The Muscogee (Creek) Nation is calling for a more thorough environmental review of the mining proposal because “The mining project poses a risk to the cultural and natural resources in the area because the impacts of the mine are not well understood,” according to an emailed statement.
Through working to protect the swamp, Hunt said he’s met current locals who have their own history and ties to the swamp.
“The reason why it’s important to us ended up being some of the same reasons that it was important to other folks,” he said.
For Roy Abbott, visiting the Okefenokee was a lifelong dream. He was captivated by a black and white film he saw about it on TV, decades ago. He finally made the trip as an adult, after his parents moved to Florida.
“It was like, man, I really made it to the Okefenokee. It was like a childhood thing that I managed to do as I got older,” he recalled. It did not disappoint. “It’s just a wonder. It’s really a wonder.”
Abbott kept returning, more and more often, until he and his wife finally moved to the town of Fargo, on the western side of the swamp. He’s now the mayor of Fargo. He said he and his wife still love to take their boat into the swamp and soak up the surroundings.

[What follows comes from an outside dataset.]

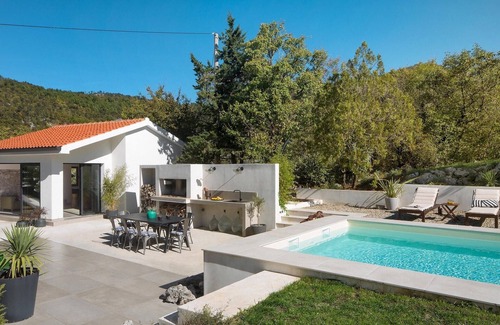 Lupoglav House | Tranquil Escape: 10/10 Rated Retreat with Pool & Spa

“My theory is the Okefenokee was put here by someone higher than us. It’s there for us to enjoy,” said Abbott.
“It’s a mirror land,” said Macon astronomer Philip Groce, who enjoys canoeing in the Okefenokee.
“The water’s so still, that it’s like a perfect mirror. And so it mirrors the trees and the sky above,” he said. “And if you’re not careful, you kind of lose your whole sense of what’s up and down. And it plays with your head, the whole – it is an experience unlike any other experience in the world.”
The night sky is particularly entrancing, Groce said. The swamp is one of the rare spots where it’s still dark enough to see the Milky Way undimmed by light pollution. As an astronomer, Groce has visited other such places. But to get far enough from human lights, he’s often ended up in barren landscapes, like the freezing top of a mountain.
“I’ve seen some skies, but it was completely dead,” he said. “The Okefenokee is organic. Very seldom do you see a relationship, a human relationship to the sky, but also, you share it with the animals that also live in that swamp. And you’re always aware of it.”
Earlier this year, Groce led a workshop in the Okefenokee for a group of students from The New School in Atlanta.
“I have never actually been outside of a city and looked up before,” said one of those students, junior Zain Khemani. “And let me tell you, the first time I actually saw the sky, I was like, ‘wow.’ ”
He was so moved by the trip, it inspired him to speak out against the proposed mine.
The project needs approval from the Environmental Protection Division of the Georgia Department of Natural Resources to proceed, and earlier this year the agency collected public comment on the land use plan for the mine. Kehmani joined the virtual meeting so he could speak up – something he said he likely wouldn’t have done if he hadn’t visited.
Prior to the Okefenokee field trip, Kehmani said he never spent much time outdoors, joking he “was not made to touch grass.”
The Okefenokee changed that, he said.
“When we went down there for one of the first times in my life I genuinely, like – I got it.”